▸ **INFORMATION PROVIDED**:
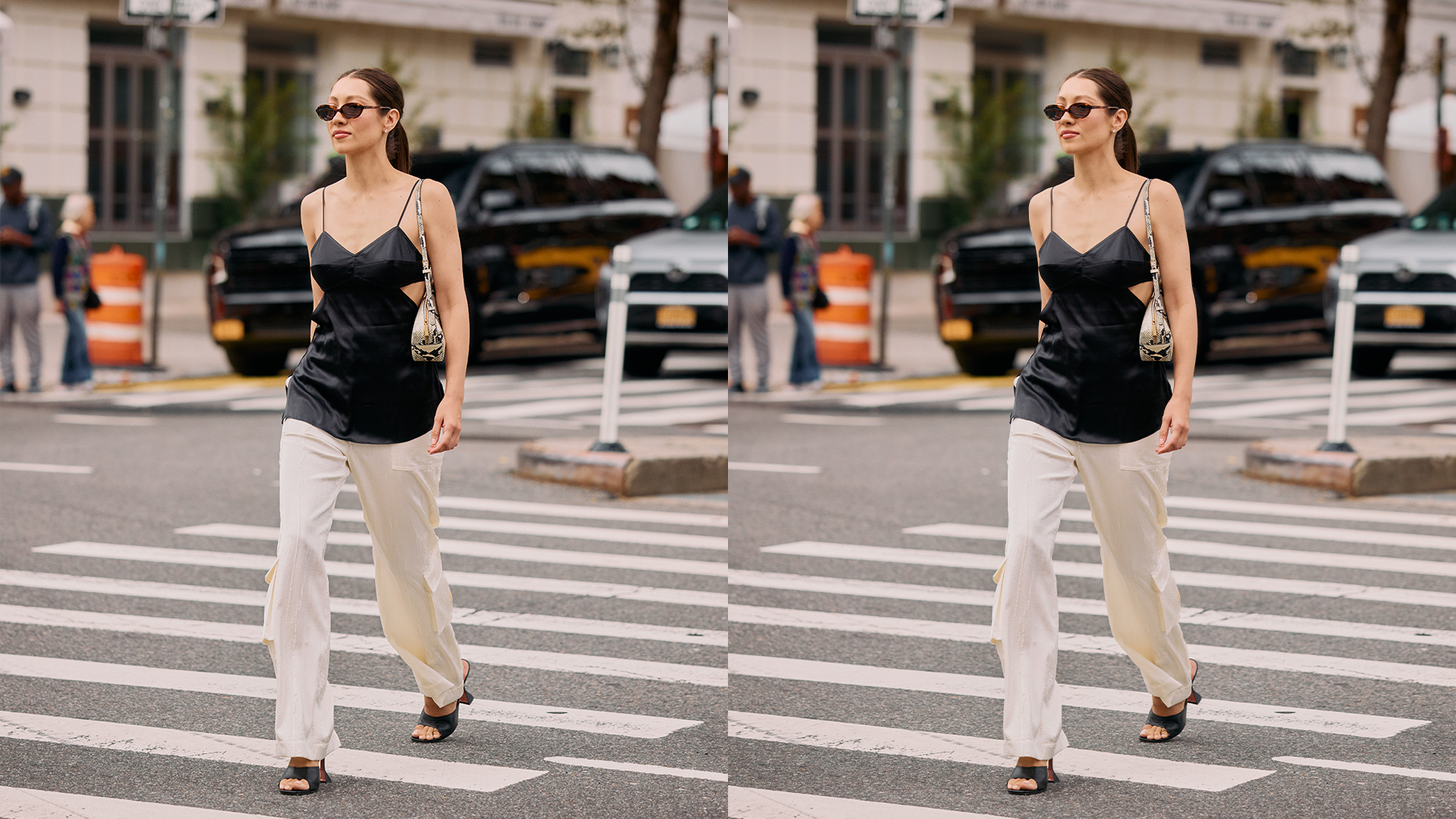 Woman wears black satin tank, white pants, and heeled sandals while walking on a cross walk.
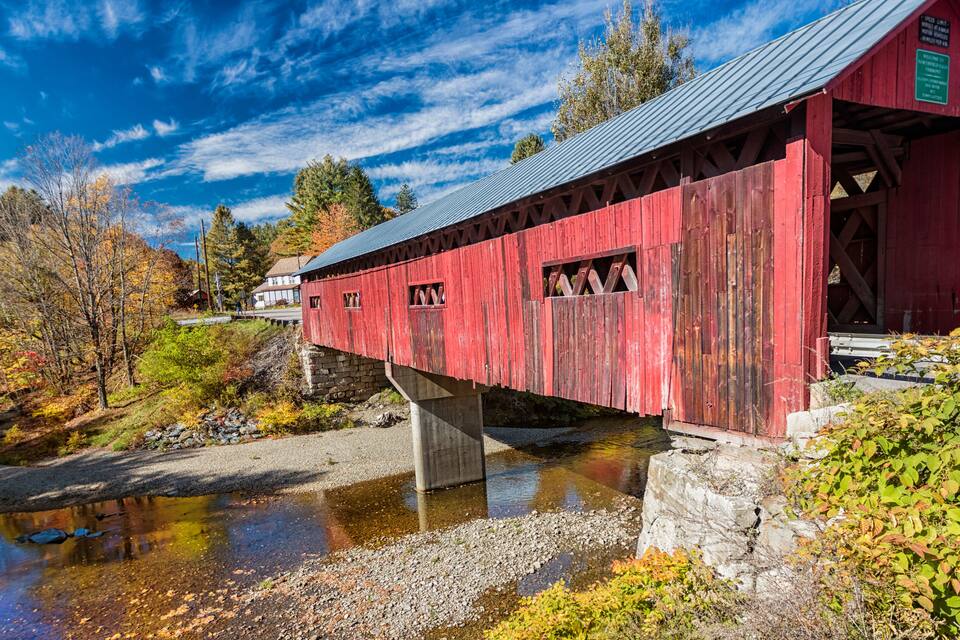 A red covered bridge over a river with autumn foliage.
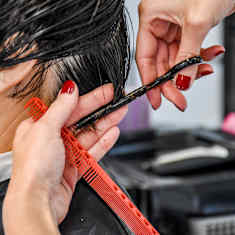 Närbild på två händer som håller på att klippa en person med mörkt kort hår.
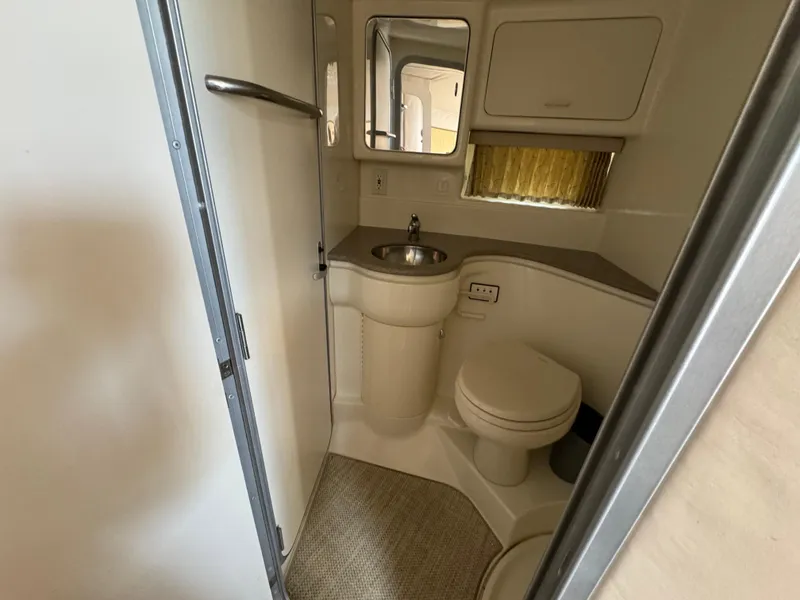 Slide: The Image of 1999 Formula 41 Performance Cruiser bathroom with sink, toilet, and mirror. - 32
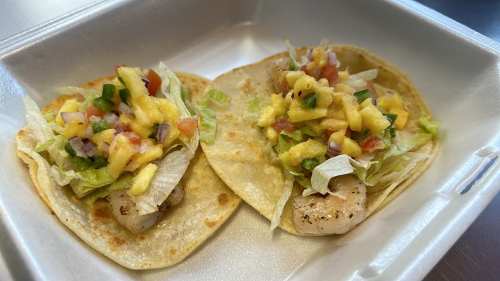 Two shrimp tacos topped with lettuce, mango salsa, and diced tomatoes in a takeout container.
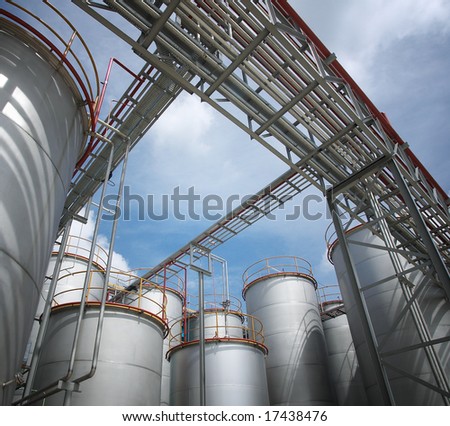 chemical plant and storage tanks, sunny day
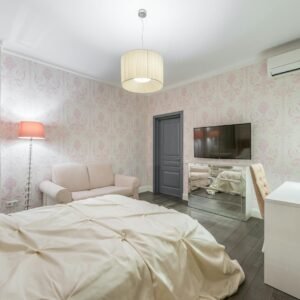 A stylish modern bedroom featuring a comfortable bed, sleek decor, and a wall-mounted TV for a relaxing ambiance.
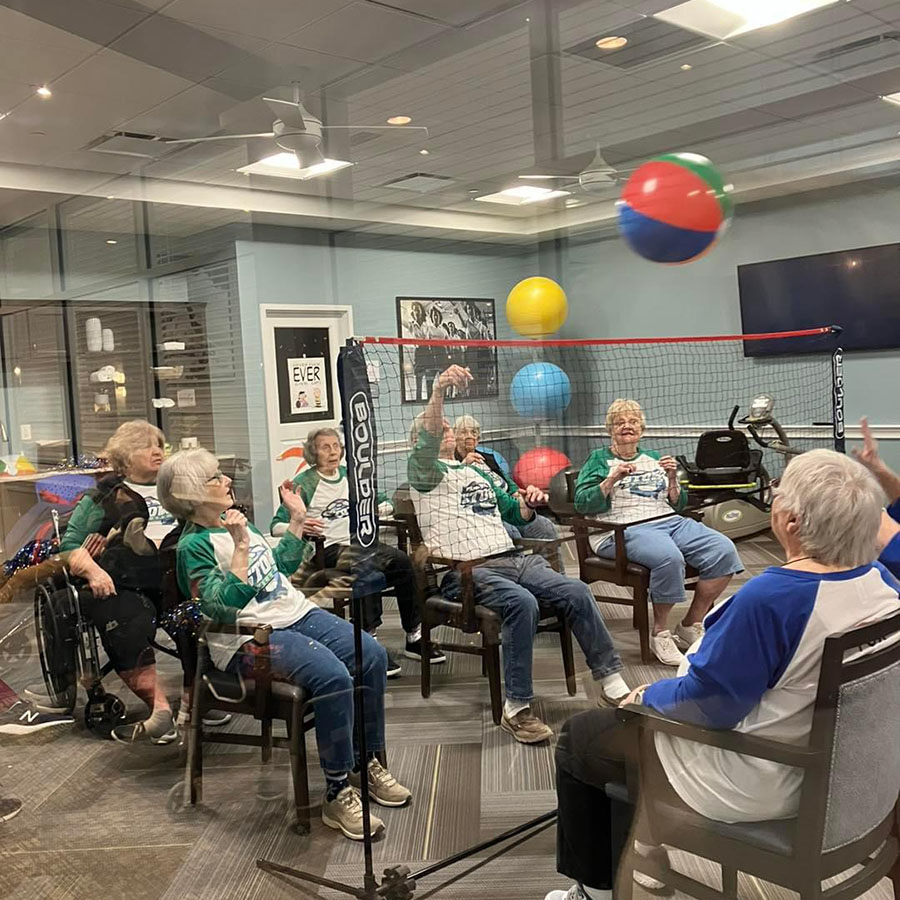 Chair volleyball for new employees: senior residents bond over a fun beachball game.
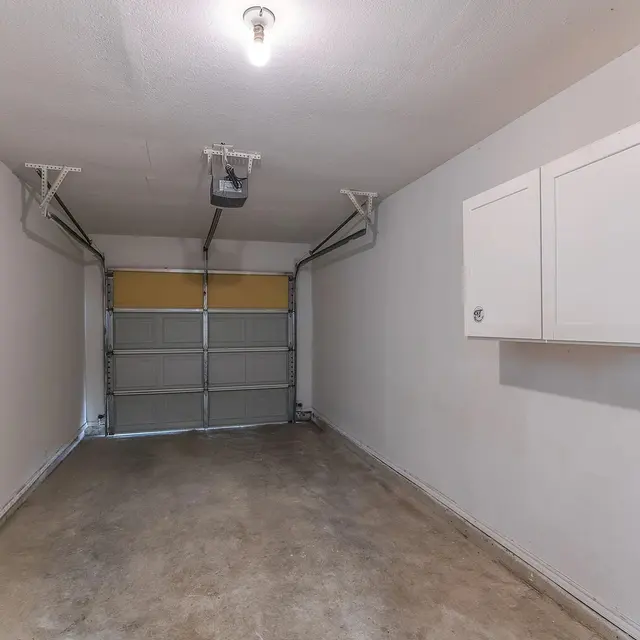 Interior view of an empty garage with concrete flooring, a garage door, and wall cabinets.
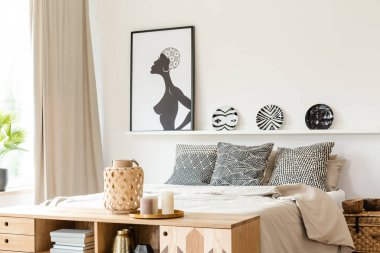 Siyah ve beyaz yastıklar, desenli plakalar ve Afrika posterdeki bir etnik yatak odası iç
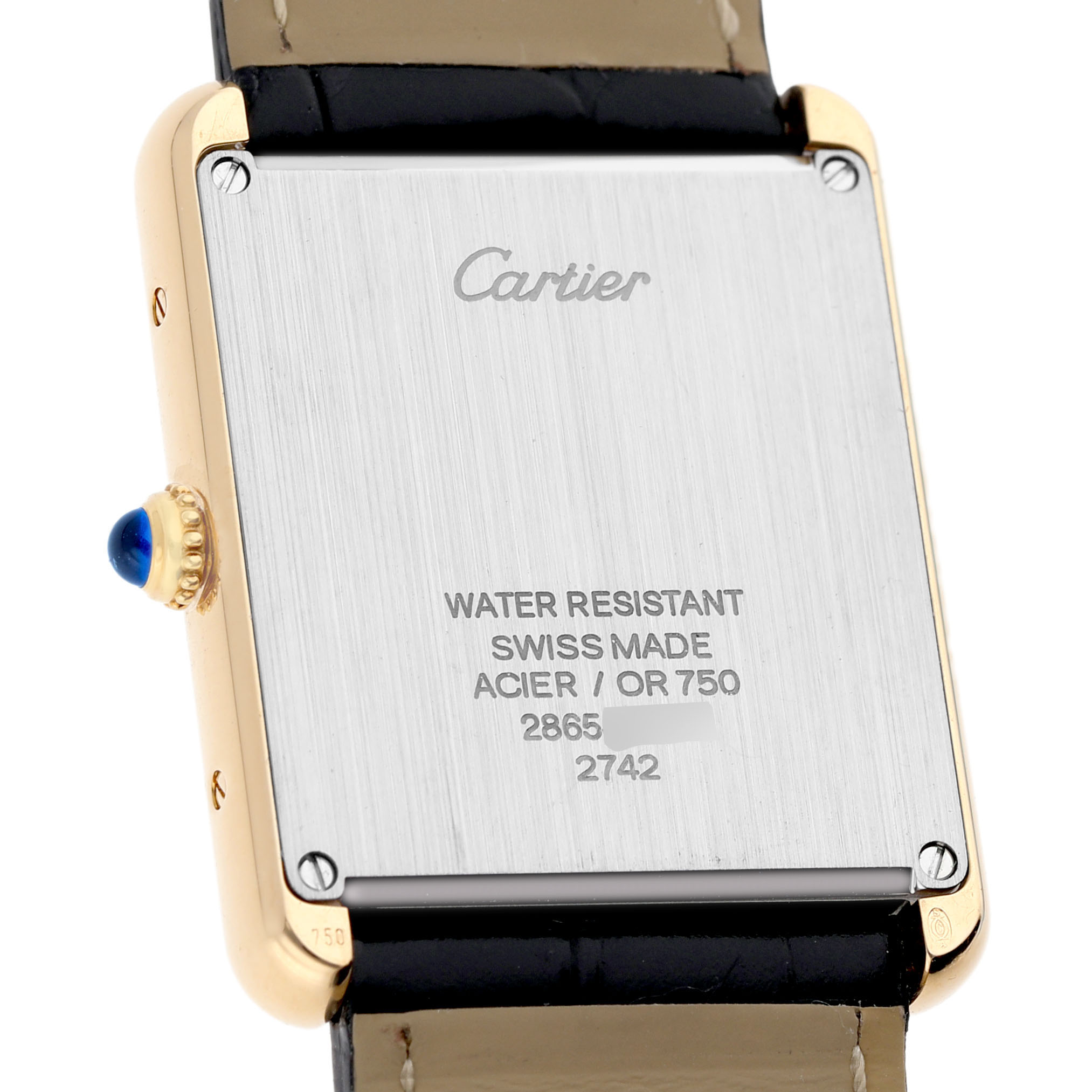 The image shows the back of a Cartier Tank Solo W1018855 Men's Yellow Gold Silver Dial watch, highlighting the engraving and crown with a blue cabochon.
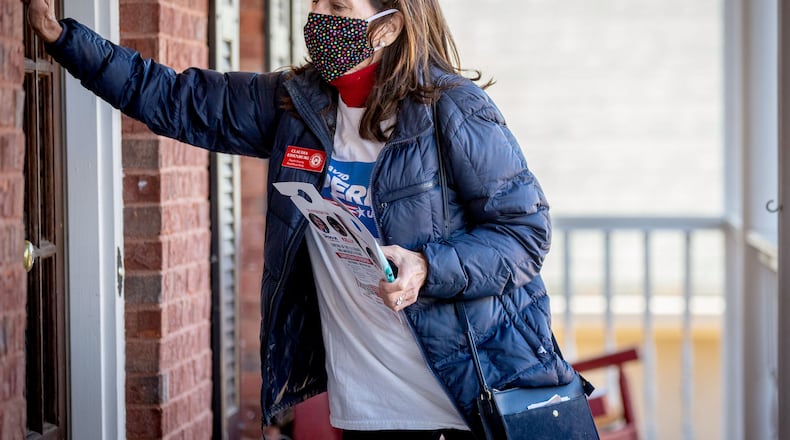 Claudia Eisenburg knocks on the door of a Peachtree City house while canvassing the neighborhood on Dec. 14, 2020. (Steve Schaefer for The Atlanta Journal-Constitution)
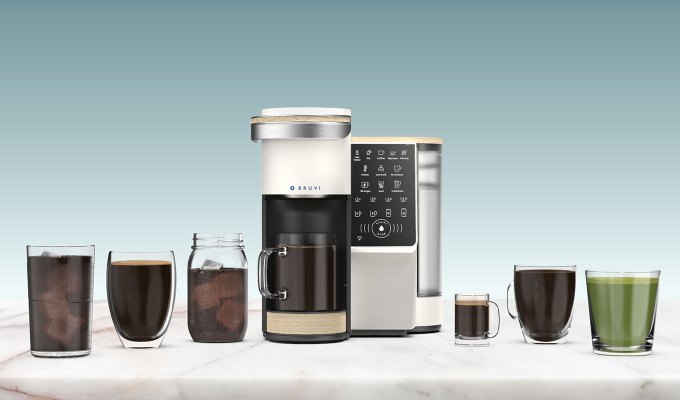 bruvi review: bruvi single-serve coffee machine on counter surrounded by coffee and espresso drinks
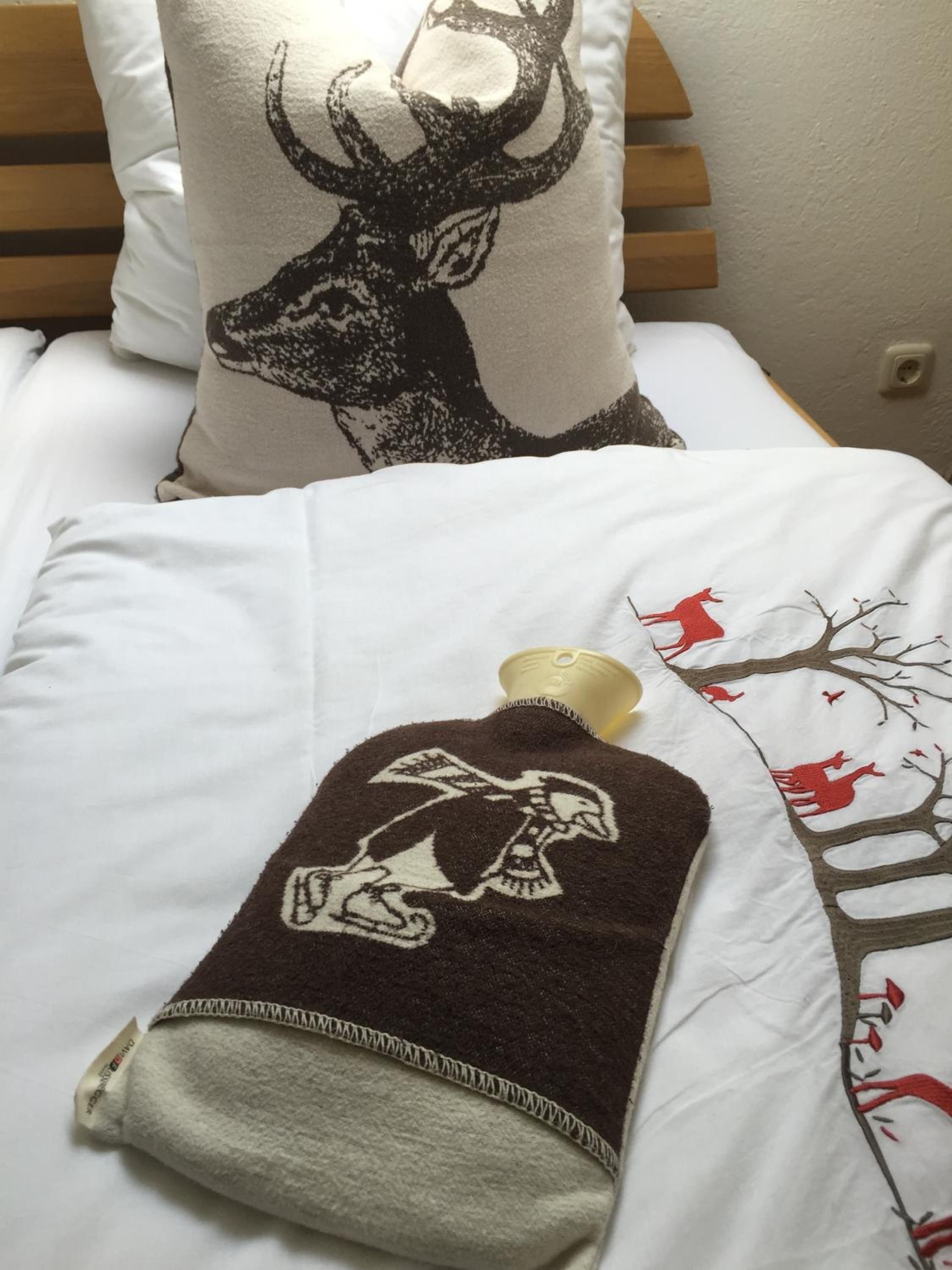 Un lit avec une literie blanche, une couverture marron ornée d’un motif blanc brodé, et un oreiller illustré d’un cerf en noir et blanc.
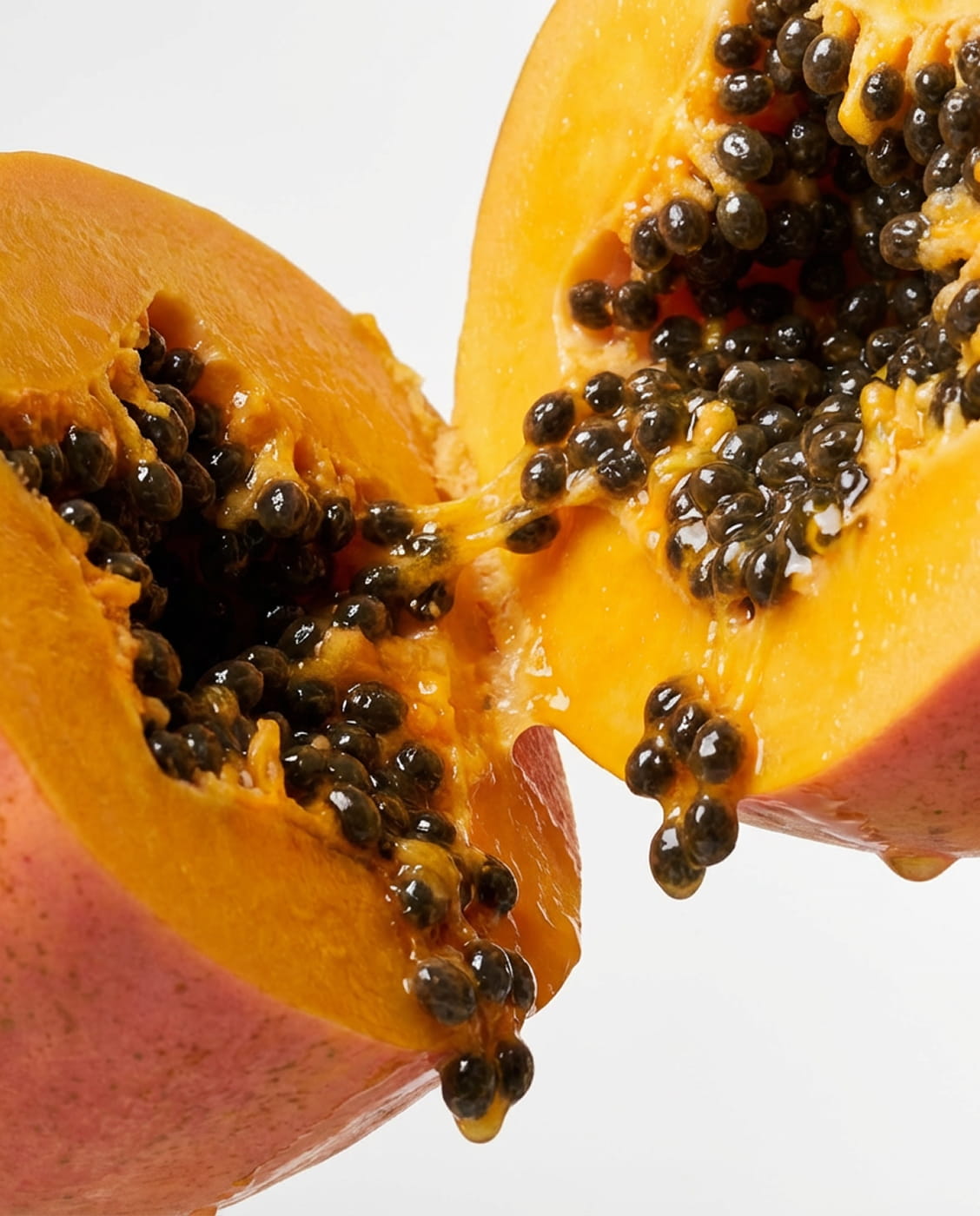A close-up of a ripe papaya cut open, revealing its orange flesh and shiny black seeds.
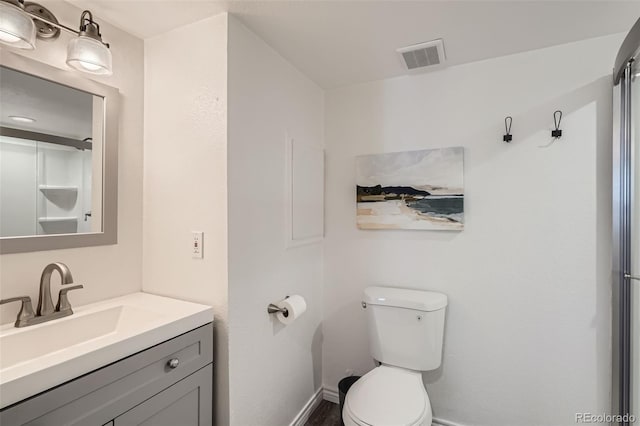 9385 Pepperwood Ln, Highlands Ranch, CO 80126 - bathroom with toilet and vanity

▸ **WORK TASK**: Look back at the data above, then output exactly the lines from the line holding "Slide: The Image" up to and including the line holding "chemical plant and storage tanks, sunny day". Leave out the pictures.

▸ **OUTPUT BELOW**:
 Slide: The Image of 1999 Formula 41 Performance Cruiser bathroom with sink, toilet, and mirror. - 32
 Two shrimp tacos topped with lettuce, mango salsa, and diced tomatoes in a takeout container.
 chemical plant and storage tanks, sunny day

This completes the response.